Postby JackRiddler » Wed Apr 06, 2011 9:51 am

.

Given
- volatility in commodities and basic services (electricity and telephones be among those in modern life),
- extreme differences in how different people are forced to define "necessity" (health care costs being the obvious big ticket there, because they can differ so enormously among people and change so suddenly),
- extreme inequality in wealth and incomes,
- extreme differences in cost of living (from block to block in some places, thanks to rent/property values)
- and hidden income privileges of belonging or not to a set of overlapping groups (for example, the groups of those with expense accounts or company cars, or of those able or not to get a lower-interest loan for looking just right to the local banker),

CPI may be a weak and deceptive measure for understanding the thing we call "inflation" in the world. Did I say "may be"?

(As you consider the following, leave aside the present debate about HI vs. Def, okay? Because to show the inadequacy of CPI and also the political manipulation thereof, generally to lower it, does not mean automatically that one supports an HI thesis or the extremely bad politics usually associated with those who do.)

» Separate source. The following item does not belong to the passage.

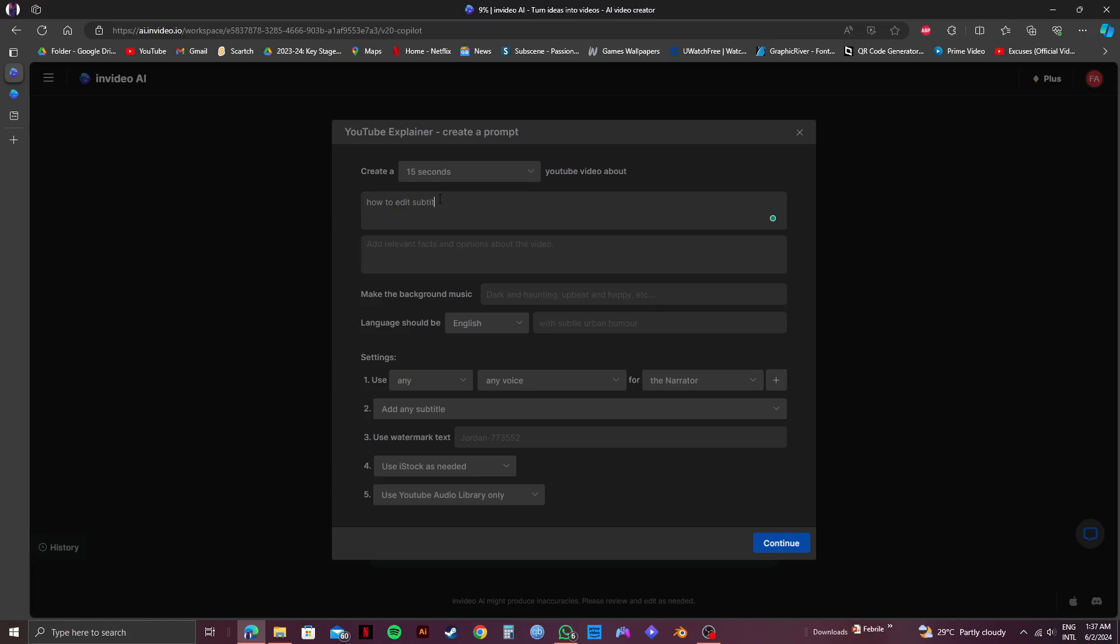Next, type in the title of your video. And once it's done, click on Continue right here.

Personally, I see both a rationale and a problem in extracting the food and fuel measures as separate. There would also be a rationale to try to account for income by class, to devise different baskets of goods for measuring prices (poor folk inflation vs. rich folk inflation). A goods-basket is the basis for CPI and there's just no one goods-basket that you can say should be the sole basis, that makes sense for all the different income levels and classes in society.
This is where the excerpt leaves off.